Records for the task:
□ □ □ □ □ □ □

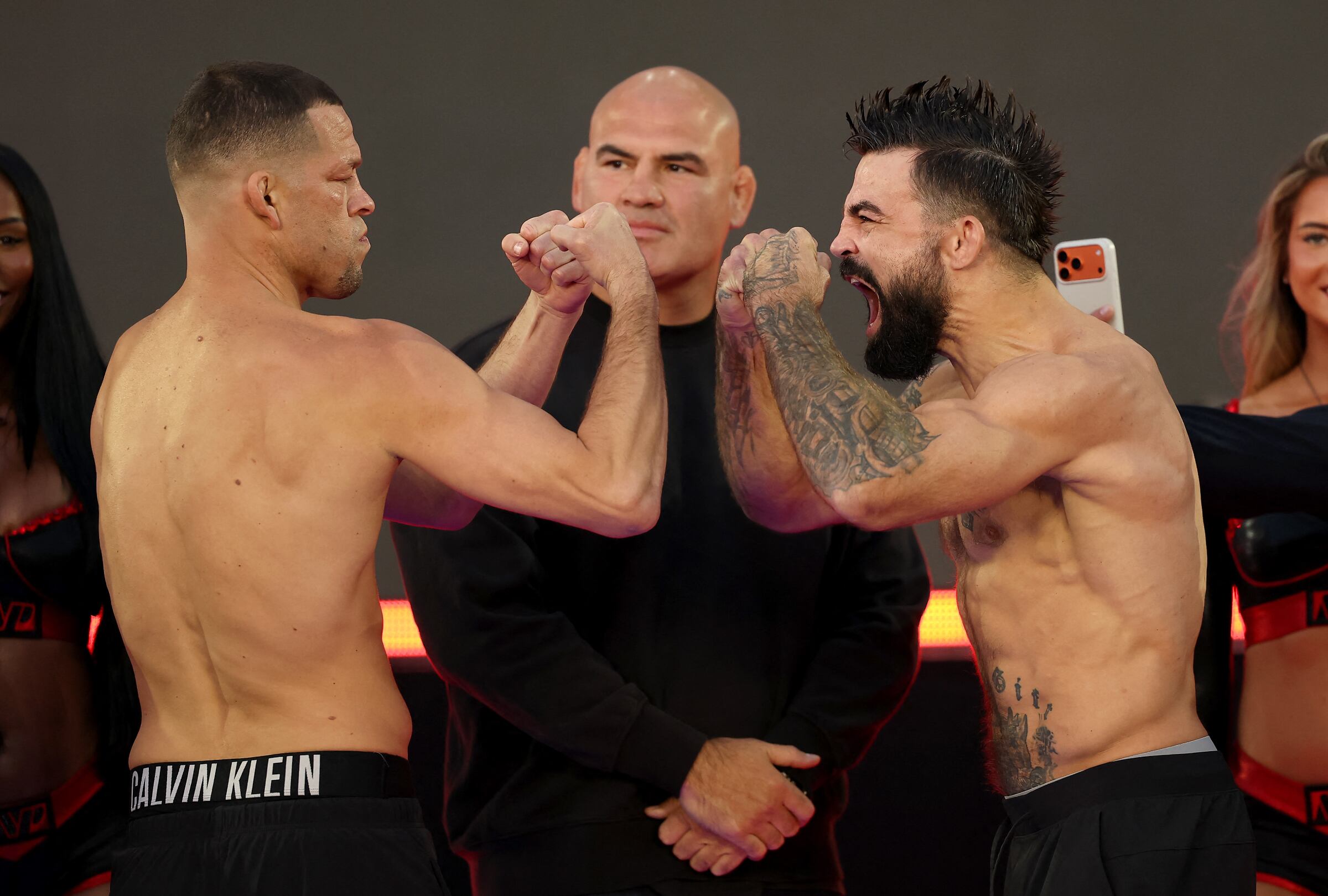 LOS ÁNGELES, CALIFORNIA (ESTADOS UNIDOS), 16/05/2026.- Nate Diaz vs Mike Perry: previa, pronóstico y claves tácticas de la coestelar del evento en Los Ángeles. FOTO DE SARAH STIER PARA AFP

□ □ □ □ □ □ □

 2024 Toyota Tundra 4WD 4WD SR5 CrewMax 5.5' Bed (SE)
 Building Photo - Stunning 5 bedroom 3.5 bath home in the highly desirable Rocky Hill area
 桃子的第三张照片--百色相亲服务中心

□ □ □ □ □ □ □

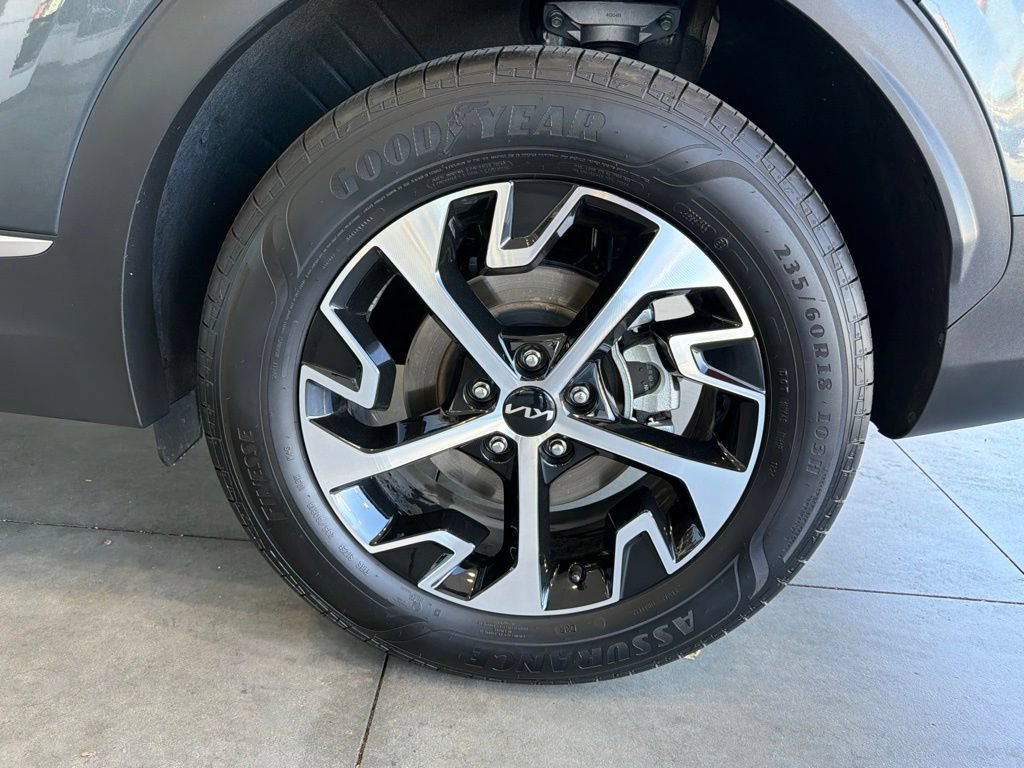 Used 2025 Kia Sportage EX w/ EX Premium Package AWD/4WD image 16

□ □ □ □ □ □ □

Instructions for the task: Scan the lines above for "Building Photo - Stunning" and for "桃子的第三张照片--百色相亲服务中心". Repeat exactly the line holding each of them and every line in between.

Solution to the problem:
 Building Photo - Stunning 5 bedroom 3.5 bath home in the highly desirable Rocky Hill area
 桃子的第三张照片--百色相亲服务中心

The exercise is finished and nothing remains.